Danforth emphasized, “What set Prelude apart from the competitors was the level of customer service we experienced from the very beginning.” Prelude’s Project Managers worked directly with Dr. Danforth and the GAHP team to customize a database that allows SMEs, cardiologists, pathologists, advisors and researchers to access species, institution, and ape-specific exam and pathology data in a single registry. The customized database allows users to create and maintain cardiac exam and pathology data, upload massive ECG and other medical test files, which are stored and accessible in the system, summarize health data, transfer apes and their data between institutions, record and automatically link familial relationships, and generate search and ad-hoc reporting functions, all while facilitating clean and standardized data in real-time.
The database was initialized with existing cardiac exams and pathology data through a custom-built studbook and historical data uploader. When the GAHP Cardiac Registry launched, it had records from 69 institutions covering 446 individual apes and representing all four relevant species, including over three decades of global cardiac exam data for living and deceased apes – from a newborn orangutan to a 60-year old bonobo.
“The most immediate and valuable solution that Prelude EDC provides us is the ability to log in and access our complete cardiac medical records from any place at any time by multiple users,” Danforth said.
Medical exams can be created on-demand with a single click, and encompasses echocardiogram, electrocardiogram, blood work and anesthesia records. Authorized users have the opportunity to upload images, videos, and other files, and record detailed heart health information directly in Prelude EDC, at the time of exam or after. Uploaded material can be viewed or downloaded with the click of a link. Lab results from each exam are compared to preset lab normal ranges and out-of-range values are flagged, allowing the veterinarian to determine clinical significance. “When an ape is sick and a zoo is looking for immediate interpretation and advice on a cardiac case, we are able to use Prelude EDC to collect and coordinate exam data and expedite the review and feedback process,” states Danforth.
The necropsy data collection section includes multiple forms that collect data consistent with a typical workflow, and populates a report with basic demographic information, familial history of the disease, other possible causative zoonotic diseases, summarizes information from the last three exams, and allows the veterinarian to provide additional information, including the upload of files, and address the pathologist directly. Additionally, the necropsy report lists archived or frozen tissues or slides and their storage location for future analysis.

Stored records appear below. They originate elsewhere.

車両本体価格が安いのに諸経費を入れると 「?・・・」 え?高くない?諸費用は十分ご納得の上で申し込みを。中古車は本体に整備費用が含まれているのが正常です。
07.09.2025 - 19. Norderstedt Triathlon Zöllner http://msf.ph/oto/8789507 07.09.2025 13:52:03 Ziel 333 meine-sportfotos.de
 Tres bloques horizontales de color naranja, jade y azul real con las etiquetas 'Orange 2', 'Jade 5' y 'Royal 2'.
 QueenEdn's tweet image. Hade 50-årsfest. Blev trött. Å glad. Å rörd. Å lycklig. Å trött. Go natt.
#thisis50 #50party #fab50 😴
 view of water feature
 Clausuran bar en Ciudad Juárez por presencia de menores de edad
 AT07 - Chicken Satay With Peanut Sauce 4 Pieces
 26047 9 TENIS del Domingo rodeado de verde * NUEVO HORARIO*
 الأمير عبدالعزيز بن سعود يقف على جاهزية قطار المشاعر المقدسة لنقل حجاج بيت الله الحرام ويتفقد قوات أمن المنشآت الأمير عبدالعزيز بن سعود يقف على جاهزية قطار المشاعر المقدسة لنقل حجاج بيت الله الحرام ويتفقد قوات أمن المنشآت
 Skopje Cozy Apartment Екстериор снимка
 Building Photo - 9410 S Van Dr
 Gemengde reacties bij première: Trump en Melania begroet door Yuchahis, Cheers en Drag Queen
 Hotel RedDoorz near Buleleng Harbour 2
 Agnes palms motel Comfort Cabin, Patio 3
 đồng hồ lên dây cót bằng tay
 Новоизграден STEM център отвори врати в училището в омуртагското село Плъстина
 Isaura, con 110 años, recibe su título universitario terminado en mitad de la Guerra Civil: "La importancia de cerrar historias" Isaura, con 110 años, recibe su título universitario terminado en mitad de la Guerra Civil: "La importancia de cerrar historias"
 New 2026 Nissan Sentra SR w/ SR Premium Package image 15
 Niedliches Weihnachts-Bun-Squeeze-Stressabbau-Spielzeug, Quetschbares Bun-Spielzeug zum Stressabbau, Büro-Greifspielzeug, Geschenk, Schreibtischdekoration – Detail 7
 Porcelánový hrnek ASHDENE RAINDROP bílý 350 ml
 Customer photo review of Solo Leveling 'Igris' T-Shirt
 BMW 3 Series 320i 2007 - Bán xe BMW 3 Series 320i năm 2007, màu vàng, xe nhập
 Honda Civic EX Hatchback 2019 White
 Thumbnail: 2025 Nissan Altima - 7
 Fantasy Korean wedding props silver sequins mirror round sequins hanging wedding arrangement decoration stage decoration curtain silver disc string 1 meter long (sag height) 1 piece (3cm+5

Interactive graphs allow examination of different factors influencing the health of an individual ape in comparison to a particular species or to all apes in the system. Prelude EDC’s summaries allow at-a-glance monitoring of each site or the entire registry; and the search and filter capabilities display summaries for only the apes fitting the search criteria. Additionally, designated users can create ad-hoc reports to further examine the data, which is available globally, 24 hours a day.
Results & Benefits
Prelude staff trained GAHP personnel to utilize Prelude EDC to globally collect data on Great Ape heart health, which is accessible in real time for entry, review, analysis and export, including access to uploaded exams, images, and reports. Lab results are compared to set normals and outliers flagged for analysis. The Great Ape Heart Project Cardiac Registry launched in February 2015 and is poised for growth as data is expanded for the existing registered population and new institutions and apes are added. The system enables users to distinguish and examine data trends to report on emerging cardiac health patterns in localized and global populations, and anywhere in between.